I usually use Firefox. I used Chrome for a while one time Firefox messed up, and kept using it until Chrome started messing up again and then Firefox was okay again.

I've been using Firefox too long now to just switch... the only thing I miss for Chrome is that all the add-ons I find are for Chrome (I guess they're easier to develop for chrome or something, i don't know) not all of them have a Firefox version... or the Firefox version is much worse or doesn't work properly. (Firefox tumblr savior, for example, is confusing as hell with some kind of coding instead of the simple boxes/lists you just type text into, and even when I got it to work it hid half my dash for no reason at all, so I had to turn it off)


----------



## Kratos Aurion (Mar 14, 2013)

ultraviolet said:


> I used to swear by firefox but the firefox tumblr savior extension is really kind of shitty in comparison to chrome's.





Worst Username Ever said:


> (Firefox tumblr savior, for example, is confusing as hell with some kind of coding instead of the simple boxes/lists you just type text into, and even when I got it to work it hid half my dash for no reason at all, so I had to turn it off)

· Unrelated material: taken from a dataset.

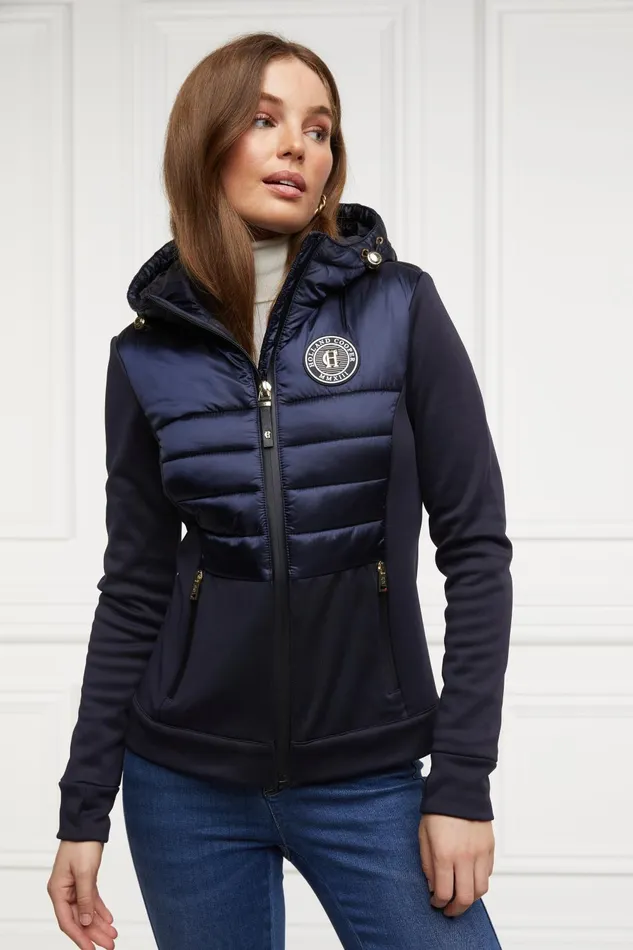 Holland Cooper Jackets Women Hybrid Shell Jacket Ink Navy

Are you guys talking about this userscript? Because yeah, that was cumbersome and started misbehaving after a while, but there's a proper addon now that works the same way as the Chrome one and does actually function correctly. I haven't had any problems with it after switching to that version. Just fyi.

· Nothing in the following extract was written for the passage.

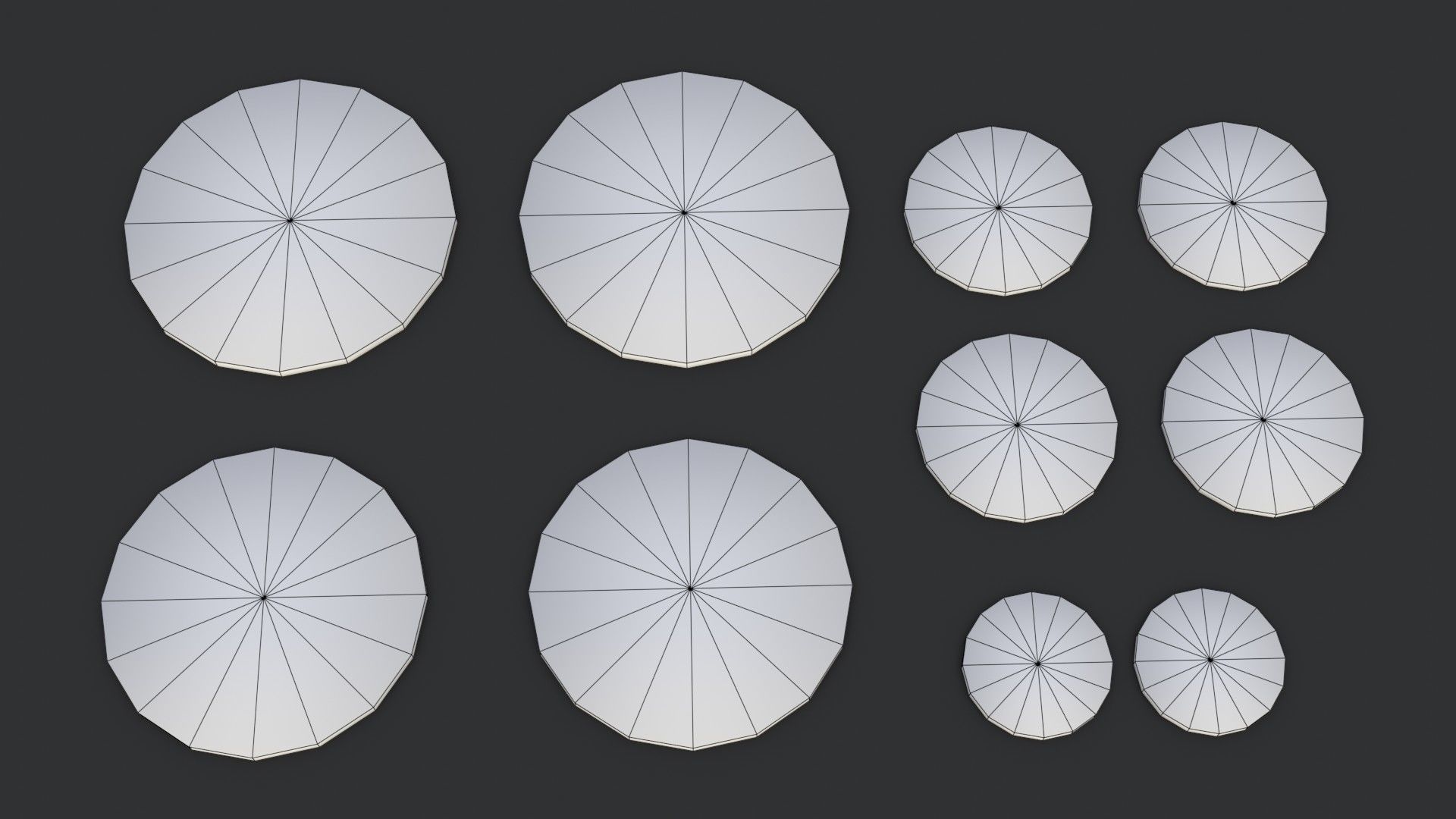 Old British Coins Low-poly 3D model_18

I prefer Firefox but use both it and some Chromium derivative or other depending on my current OS/mood. Firefox does have a tendency to be slower, particularly on Ubuntu, but it's rarely so slow that it has a major impact on my browsing ability and since I prefer the Fx version of most addons (FoxReplace is my bestest friend) and some of Fx's other functionality/interface patterns I'm more than happy to put up with it. That said Firefox does get on my nerves from time to time, and when that happens I'll switch to whateverChromium until that in turn gets on my nerves and I switch back to Firefox.


----------



## Minish (Mar 14, 2013)

I miss Opera :c I'm not sure why I switched to Firefox for good but it was probably to do with the speed dial being redesigned. that thing is important.


----------



## Autumn (Mar 14, 2013)

Firefox. I downloaded it on my old desktop Mac shortly after we got it because Safari was a butt and it's been pretty great.


----------



## Adriane (Mar 14, 2013)

Minish said:


> I miss Opera :c I'm not sure why I switched to Firefox for good but it was probably to do with the speed dial being redesigned. that thing is important.


I like Opera as a browser; it's basically everything I wish SeaMonkey was at this point. I don't use it, however, as it's proprietary and "sticks out" more than Firefox (neither are GTK or Qt).


----------



## Worst Username Ever (Mar 14, 2013)

Kratos Aurion said:


> Are you guys talking about this userscript? Because yeah, that was cumbersome and started misbehaving after a while, but there's a proper addon now that works the same way as the Chrome one and does actually function correctly. I haven't had any problems with it after switching to that version. Just fyi.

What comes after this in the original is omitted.